Quarry Bank Mill in Cheshire, the setting and subject of Channel 4’s drama The Mill, holds a privileged place in my early historical training. My mother remembers that when I was a child, bored stiff by country houses when my parents invested in membership to the National Trust in the 1980s, a trip to the cotton mill could always be counted on to stop me moaning. (My father half-jokes that he has spent all of his adult life trying to be middle class only for his children to identify with the working class he had moved out of …) While Quarry Bank was somewhat of a sanitised heritage attraction by then – all tea towels, country fudge and afternoon tea in the café – the main appeal was the movement and whirr of the machines that would have once filled it, demonstrated by enthusiastic and knowledgeable volunteers. I was the sort of child to never knowingly pass up the opportunity to pretend to be an apprentice, so when my GCSE coursework involved imagining my fifteen-year-old self as such and describing a typical day, I took the task in my stride.

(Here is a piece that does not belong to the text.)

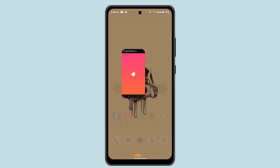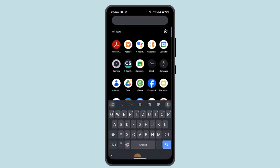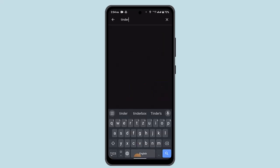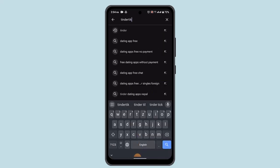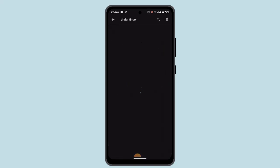For that case, you could exit out of the TikTok application and then open up your Play Store. On the search box, type in TikTok and make sure that the application is completely up to date.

Until relatively recently, I questioned the educational worth of this exercise, thinking it creative writing rather than ‘proper history’. But now I think that, if my school had really got us to think about it and I had been mature enough to appreciate it, this coursework could have got to the crux of what it is to be a social historian: the endless tightrope walk between veracity and imagination; the awareness of the enormous chasm between what the archive allows you to claim and lived experience; the problem of situating the individual within your wider knowledge, and yet the desperate hope that, somehow, you are doing the memory of these people justice. Historians have to work with what little we have and try to make some sort of sense out of it. The archives are not flawless raw material – full of gaps, silences, dead-ends and even outright lies – but an awareness of these flaws reminds us that our relationship with the past is always mediated and incomplete, despite the impression of order given off by file numbers and finding aids.[i]

Trailer for The Mill
[youtube]http://www.youtube.com/watch?v=YacizJRW4WI[/youtube]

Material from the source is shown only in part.